I plant sweetcorn in rows that are about one foot apart, and the seed is spaced at about one foot also. Put enough fertilizer in the ground and it works very well.
 
A lot of corn being done that way here, why I do not know, would take extra cost machinery and would think it would be hard to if it was brital to get thru the snaping rolls
 
Possibly silage corn. Lot of people doing it that way with the custom guys able to chop and row spacing. More tonnage per acre. I seriously doubt it will be harvested for grain or seed. unless its by hand. I dont thin there is equipment to handle them row spacings
 
Friend and neighbor plants corn in 15" rows.

Has a specially built corn head to combine.

The idea is to spread the plants out in the row so they can get more sunshine, and sooner canopy for weed control.
 
Twin-row planter. Was real popular idea 10 years ago, hear less of it now. I think it is exactly set up for 30 inch rows, but the twins are 8 inches apart. Works with normal combine heads.

The idea was to get a little more corn population, but not have them crowded so much. In places we get too much water, stalk strength is the limiting factor.

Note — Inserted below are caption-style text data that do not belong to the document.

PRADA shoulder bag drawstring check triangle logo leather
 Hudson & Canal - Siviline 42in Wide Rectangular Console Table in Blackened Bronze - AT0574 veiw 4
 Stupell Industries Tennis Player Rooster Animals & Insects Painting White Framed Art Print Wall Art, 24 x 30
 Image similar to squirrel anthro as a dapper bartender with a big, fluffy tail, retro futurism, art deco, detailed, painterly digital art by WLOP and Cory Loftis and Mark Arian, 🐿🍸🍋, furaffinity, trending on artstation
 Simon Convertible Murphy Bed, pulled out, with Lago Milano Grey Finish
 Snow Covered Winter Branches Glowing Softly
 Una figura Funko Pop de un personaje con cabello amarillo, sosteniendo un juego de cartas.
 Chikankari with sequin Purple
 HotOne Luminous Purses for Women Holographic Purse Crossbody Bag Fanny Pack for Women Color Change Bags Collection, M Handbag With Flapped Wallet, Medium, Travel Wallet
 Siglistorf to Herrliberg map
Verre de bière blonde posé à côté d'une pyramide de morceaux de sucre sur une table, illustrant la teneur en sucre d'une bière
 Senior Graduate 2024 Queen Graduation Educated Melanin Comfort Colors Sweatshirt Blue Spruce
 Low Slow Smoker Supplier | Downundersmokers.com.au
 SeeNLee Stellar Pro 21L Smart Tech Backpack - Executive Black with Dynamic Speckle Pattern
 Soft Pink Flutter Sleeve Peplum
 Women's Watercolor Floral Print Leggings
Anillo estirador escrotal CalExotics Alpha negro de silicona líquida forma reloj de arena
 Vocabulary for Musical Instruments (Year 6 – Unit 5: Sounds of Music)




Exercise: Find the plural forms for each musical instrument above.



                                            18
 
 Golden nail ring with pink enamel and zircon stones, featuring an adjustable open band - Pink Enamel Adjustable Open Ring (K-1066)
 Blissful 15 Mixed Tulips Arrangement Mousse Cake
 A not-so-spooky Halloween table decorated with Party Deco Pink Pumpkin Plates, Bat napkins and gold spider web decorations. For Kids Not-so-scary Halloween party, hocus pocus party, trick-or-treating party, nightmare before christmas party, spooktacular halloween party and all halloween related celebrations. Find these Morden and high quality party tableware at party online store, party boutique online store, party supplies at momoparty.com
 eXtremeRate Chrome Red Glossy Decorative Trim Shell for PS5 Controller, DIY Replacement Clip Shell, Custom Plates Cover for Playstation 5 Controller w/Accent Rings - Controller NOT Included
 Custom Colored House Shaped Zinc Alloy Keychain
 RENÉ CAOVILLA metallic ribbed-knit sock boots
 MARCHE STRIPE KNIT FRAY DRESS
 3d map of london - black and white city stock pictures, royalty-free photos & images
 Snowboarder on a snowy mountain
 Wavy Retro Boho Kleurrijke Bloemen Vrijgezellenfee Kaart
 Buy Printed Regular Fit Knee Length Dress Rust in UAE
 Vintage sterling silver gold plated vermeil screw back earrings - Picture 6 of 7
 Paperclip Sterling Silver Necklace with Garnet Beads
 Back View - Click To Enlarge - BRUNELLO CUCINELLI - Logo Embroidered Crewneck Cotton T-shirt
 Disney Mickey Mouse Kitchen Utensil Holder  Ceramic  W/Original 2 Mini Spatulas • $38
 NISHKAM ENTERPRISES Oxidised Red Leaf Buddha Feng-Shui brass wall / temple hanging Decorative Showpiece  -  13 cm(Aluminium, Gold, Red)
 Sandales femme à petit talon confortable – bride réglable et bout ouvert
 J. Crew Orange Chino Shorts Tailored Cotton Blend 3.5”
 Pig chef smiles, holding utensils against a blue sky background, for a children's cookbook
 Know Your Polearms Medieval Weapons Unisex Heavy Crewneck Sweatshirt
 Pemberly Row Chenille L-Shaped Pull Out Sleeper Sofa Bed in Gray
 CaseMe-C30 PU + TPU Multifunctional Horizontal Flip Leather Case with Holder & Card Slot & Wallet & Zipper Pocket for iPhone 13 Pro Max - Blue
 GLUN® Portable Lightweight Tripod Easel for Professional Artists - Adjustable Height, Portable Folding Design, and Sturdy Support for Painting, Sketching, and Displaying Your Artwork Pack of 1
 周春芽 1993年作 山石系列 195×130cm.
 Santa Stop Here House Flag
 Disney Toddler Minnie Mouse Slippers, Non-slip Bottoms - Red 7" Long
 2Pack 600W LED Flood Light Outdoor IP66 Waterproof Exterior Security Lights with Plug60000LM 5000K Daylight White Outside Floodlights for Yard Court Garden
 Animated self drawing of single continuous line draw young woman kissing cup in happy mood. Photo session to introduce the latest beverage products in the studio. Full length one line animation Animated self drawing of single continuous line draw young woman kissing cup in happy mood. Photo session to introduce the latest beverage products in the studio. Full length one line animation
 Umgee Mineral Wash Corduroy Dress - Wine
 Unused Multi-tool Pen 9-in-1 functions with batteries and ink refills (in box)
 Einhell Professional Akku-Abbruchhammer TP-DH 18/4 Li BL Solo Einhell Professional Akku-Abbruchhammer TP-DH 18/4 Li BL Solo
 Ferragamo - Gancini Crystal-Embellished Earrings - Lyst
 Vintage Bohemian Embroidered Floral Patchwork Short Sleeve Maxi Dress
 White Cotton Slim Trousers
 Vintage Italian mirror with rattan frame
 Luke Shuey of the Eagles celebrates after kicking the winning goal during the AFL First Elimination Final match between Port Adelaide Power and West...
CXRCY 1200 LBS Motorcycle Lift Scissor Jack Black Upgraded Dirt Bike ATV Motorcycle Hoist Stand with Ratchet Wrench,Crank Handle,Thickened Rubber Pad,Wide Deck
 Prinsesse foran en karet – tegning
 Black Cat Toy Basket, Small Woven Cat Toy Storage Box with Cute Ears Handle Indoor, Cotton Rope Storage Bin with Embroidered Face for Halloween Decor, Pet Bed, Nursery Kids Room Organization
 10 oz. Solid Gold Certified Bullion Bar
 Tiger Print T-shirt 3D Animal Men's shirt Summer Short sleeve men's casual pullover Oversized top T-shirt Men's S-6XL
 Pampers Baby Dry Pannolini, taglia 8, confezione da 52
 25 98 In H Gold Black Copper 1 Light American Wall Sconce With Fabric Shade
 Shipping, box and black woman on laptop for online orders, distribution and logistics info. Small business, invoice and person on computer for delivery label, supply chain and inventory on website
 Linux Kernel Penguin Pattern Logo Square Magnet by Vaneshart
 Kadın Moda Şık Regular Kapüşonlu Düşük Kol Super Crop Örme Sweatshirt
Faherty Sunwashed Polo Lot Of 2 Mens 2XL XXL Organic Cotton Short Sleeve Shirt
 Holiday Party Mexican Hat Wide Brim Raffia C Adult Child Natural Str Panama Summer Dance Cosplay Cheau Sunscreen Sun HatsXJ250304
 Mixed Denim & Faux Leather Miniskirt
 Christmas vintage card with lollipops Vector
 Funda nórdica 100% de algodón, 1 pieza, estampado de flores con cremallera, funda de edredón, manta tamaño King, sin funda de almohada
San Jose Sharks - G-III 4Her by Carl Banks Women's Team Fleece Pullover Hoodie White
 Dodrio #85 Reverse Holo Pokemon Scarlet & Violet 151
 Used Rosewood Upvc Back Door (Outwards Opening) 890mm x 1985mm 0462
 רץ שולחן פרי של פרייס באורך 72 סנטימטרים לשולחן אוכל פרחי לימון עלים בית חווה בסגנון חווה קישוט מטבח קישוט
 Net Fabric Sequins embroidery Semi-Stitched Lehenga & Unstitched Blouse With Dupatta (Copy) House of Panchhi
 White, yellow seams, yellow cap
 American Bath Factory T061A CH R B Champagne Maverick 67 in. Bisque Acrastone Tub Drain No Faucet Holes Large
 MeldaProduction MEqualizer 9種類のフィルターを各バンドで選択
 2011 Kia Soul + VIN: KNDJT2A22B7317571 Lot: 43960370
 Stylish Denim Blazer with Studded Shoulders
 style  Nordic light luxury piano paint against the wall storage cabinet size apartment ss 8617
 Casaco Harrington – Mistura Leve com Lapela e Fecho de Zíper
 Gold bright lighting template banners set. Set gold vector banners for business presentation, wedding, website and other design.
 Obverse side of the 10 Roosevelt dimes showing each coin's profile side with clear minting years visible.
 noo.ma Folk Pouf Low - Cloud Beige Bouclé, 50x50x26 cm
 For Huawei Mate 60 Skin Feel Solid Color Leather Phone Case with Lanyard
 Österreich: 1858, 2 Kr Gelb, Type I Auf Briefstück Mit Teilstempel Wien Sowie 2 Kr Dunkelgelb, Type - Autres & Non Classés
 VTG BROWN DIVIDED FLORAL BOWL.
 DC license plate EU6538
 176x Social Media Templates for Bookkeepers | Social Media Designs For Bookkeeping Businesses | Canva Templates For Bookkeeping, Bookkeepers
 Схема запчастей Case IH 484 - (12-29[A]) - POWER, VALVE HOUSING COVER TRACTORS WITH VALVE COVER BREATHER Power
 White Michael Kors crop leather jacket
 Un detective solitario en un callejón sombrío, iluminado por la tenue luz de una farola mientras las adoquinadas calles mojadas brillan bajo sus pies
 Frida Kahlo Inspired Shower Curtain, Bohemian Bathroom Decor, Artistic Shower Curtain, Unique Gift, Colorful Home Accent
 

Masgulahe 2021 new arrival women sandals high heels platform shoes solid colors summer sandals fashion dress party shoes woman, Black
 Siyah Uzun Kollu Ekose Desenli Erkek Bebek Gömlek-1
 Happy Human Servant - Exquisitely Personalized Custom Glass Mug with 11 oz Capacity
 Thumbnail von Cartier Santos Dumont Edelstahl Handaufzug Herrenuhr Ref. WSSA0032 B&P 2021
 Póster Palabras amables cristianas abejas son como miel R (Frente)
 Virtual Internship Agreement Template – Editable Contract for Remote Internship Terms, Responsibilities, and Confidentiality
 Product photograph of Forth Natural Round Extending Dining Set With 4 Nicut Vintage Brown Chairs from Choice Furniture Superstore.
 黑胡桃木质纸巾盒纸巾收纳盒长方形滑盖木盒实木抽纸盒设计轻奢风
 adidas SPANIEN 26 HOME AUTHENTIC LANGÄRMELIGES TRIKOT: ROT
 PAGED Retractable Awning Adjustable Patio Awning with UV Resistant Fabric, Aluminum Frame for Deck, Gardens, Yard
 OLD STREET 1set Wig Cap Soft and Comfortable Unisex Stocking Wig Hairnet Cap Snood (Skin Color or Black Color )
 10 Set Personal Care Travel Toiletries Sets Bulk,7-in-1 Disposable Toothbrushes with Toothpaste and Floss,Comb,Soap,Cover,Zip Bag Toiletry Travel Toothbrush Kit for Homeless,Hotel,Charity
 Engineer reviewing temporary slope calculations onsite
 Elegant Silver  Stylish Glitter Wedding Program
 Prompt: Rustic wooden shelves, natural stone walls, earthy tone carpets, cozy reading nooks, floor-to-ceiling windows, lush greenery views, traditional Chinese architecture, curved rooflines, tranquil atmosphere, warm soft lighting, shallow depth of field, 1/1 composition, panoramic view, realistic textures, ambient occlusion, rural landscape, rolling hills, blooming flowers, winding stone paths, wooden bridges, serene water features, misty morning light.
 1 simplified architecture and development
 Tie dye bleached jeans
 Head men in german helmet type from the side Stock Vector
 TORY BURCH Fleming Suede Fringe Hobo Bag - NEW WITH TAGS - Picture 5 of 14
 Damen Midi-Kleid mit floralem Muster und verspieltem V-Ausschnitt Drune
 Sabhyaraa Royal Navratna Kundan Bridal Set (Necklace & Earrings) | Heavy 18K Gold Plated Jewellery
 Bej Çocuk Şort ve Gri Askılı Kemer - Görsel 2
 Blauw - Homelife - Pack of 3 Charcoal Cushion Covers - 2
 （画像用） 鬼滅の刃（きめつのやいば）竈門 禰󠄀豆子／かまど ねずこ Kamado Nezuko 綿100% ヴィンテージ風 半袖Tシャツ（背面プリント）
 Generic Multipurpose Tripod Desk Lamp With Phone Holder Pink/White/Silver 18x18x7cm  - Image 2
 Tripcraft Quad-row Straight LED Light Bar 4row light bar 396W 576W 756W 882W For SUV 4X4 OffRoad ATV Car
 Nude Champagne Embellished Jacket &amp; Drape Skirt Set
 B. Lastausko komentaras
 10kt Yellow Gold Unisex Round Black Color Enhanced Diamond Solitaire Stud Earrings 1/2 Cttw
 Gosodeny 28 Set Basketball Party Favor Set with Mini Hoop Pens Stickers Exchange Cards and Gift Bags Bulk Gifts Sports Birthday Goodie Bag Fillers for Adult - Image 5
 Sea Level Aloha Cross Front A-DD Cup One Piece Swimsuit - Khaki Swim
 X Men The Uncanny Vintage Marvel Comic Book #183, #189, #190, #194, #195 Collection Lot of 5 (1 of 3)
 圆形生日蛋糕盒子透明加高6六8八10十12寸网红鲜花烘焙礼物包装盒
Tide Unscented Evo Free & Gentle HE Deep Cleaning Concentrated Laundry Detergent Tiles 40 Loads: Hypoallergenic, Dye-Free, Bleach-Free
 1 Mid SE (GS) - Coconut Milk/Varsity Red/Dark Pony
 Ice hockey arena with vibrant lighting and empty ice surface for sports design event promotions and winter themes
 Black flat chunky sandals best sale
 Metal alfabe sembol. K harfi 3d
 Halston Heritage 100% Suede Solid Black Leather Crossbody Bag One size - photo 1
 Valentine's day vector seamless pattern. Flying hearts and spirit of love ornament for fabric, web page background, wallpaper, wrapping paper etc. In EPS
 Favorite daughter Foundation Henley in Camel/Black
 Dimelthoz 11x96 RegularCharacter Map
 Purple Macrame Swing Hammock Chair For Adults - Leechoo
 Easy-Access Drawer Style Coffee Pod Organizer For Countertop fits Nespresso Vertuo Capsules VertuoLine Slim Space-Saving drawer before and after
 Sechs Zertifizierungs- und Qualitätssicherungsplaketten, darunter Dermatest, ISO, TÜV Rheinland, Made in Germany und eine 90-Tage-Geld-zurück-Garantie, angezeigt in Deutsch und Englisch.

Now folks have gone to 15-20 inch corn rows, and forgotten about twin rows. See a few around yet here in southern MN.

--->Paul
 
Actually the twin rows go through the single row corn head pretty good. The head has about that much tolerance side to side. The stalks lean but don't loose their ears most of the time.

Gerald J.
 
I don't know if the yeild would be good with so much shading going on within the corn stalks. Even if you did have a good yeild, that's a slow harvest (in my opinion) trying to stuff twin sets of corn rows into a standard corn head.
 
Well, you only bump up the per acre population a few 1000 plants. It's not like you double the population! You can drive faster, because each row is running slower now.

It has it's benifits.

--->Paul
 
There's some of that going on up by me in Northern MN. Any day now I was gonna post a picture of it and ask what was goin' on. Now I know.
 
A neighbor of mine tried that a few years ago, looks like all of his is that way now. Thirty inch paired rows are 6-8 inches apart, goes through the corn head just fine. Population may be raised slightly, but the extra spacing between plants is what improves yield. Shades over a bit sooner so that keeps weeds down sooner.
 

I planted a block of sweet corn in this configuration this year. 2 rows spaced @ 12" then 30 inches to the next two so I can walk down em. I also have the same variety singularly spaced @ 30". We'll see how well the twins do compared to the solo rows... I wanted to see how yield would do doubling up so that I could maximize space a bit better next year.

I've been picking and selling sweet corn here in Michigan since last week in July.